The Paycheque Protection Program (PPP) offers eight weeks of capital assistance to small businesses to maintain their payroll during the COVID-19 pandemic. The PPP is part of the $ 2 trillion Coronavirus Aid, Relief and Economic Security Act (CARES Act) that President Trump signed into law on March 27. A work document by the National Bureau of Economic Research found that PPP loans resulted in an increase of 14 to 30 percentage points in a company’s expected survival rate and a positive and imprecise effect on employment.

The Small Business Association (SBA) cancel loans for employee expenses if those employees are kept on the payroll during the pandemic. Employers can also keep the money if it is used for normal business expenses. Those eligible to apply for help are companies with less than 500 employees, sole proprietorships, independent contractors and self-employed workers. Approximately $ 521 billion was sent to 4.9 million businesses, including more than 600,000 businesses that received $ 150,000 in loans or more each. The SBA said that small businesses generate 44% of US economic activity.

While the program temporarily put employees back on the payroll, a bankruptcy tidal wave come. Of the 5.1 million active companies listed on Yelp, 132,580 are still closed due to pandemic restrictions. Among business closures, 72,842, or 55%, have closed permanently. Justin Norman, vice president of data science at Yelp, said the federal government should offer more help for small businesses to avoid the risk of further closures of small businesses.

A July 7e investigation by the National Federation of Independent Business Research Centers (NFIB) found that “about 22% of PPP loan borrowers have or expect to have to lay off one or more employees after using their loan. This figure is up from 14% in mid-June. As business owners use the rest of their loan balance, they find that economic conditions are unable to support the current staff levels that were previously supported by the PPP loan.

In addition, a Goldman Sachs investigation found that 84 percent of small businesses that received PPP money would exhaust their funding by the first week of August, and only 16 percent are very confident they can maintain their payrolls without further government relief. Only 37% of small businesses say they can survive another wave of shutdown restrictions and 63% say their revenues are only 75% of their pre-COVID income levels.

Many businesses may not meet pre-COVID operating levels or support “re-payrolling” due to a combination of state-ordered social distancing and a collapse in consumer demand. Initially, the SBA stipulated that a PPP loan would only be canceled if a majority of it was used to pay employee salaries for eight weeks, which many companies chose to do. Washington State, despite the majority other states choosing to waive the requirement to replenish their own unemployment trust fund accounts, only waived the increased requirement if there was a COVID-19 infection at the company site.

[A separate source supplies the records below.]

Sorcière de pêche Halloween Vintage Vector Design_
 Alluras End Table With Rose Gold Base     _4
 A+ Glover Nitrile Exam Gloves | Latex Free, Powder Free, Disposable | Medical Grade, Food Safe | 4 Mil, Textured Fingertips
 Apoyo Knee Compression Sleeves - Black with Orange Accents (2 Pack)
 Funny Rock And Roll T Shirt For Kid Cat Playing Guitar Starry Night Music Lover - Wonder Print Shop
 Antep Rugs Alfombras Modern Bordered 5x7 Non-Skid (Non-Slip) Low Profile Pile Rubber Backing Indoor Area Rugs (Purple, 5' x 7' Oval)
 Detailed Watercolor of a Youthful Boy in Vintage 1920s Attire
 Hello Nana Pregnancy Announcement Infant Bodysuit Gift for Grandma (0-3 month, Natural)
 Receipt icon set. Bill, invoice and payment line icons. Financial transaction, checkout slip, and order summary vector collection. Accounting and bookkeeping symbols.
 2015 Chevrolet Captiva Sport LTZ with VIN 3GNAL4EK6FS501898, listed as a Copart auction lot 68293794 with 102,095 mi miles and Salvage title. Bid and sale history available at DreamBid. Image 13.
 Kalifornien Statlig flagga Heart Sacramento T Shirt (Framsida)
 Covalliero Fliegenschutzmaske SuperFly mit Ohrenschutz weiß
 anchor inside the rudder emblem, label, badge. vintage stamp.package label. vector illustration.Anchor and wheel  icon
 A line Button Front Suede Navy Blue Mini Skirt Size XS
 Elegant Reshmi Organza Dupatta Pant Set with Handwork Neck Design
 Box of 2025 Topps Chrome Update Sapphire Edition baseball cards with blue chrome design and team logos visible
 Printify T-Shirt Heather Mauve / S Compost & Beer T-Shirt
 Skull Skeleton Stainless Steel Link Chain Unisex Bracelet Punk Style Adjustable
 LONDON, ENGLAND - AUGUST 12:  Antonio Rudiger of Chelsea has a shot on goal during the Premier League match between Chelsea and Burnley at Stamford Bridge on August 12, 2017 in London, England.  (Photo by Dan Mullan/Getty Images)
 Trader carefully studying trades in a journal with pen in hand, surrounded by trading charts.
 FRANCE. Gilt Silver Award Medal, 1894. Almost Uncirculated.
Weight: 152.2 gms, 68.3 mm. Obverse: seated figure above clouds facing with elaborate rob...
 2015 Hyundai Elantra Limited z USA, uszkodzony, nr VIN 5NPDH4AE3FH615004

The PPP program has experienced several notable changes since its launch in April. The requirement that 75% of the money must be used for salary costs to be eligible for pardon has been reduced to 60%. In addition, the time limit during which the money must be spent has been extended by eight to 24 weeks, helping to alleviate some of the financial burdens on small businesses.

In addition to trying to maintain corporate payrolls, small businesses will likely use P3 money to offset inflation from a weakened dollar over the next 24 months. Inflation is higher than expected and with an interest rate close to zero, the Federal Reserve is should increase interest rates. $ 2 trillion in newly printed silver contributed to the worst month-long decline in the dollar value in 10 years, in real life 10-year Treasury yields fell to minus 0.97%.

Even for companies whose turnover has not changed in recent months, the impact on turnover is likely in the long term. Many companies took out the loan to “get over the bump,” hoping the shutdown rules would ease by the fall. Some small businesses, in particular Restaurants, remain open despite new restrictions. Faced with the choice of being arrested and fined by the state or going bankrupt, many choose to stay open.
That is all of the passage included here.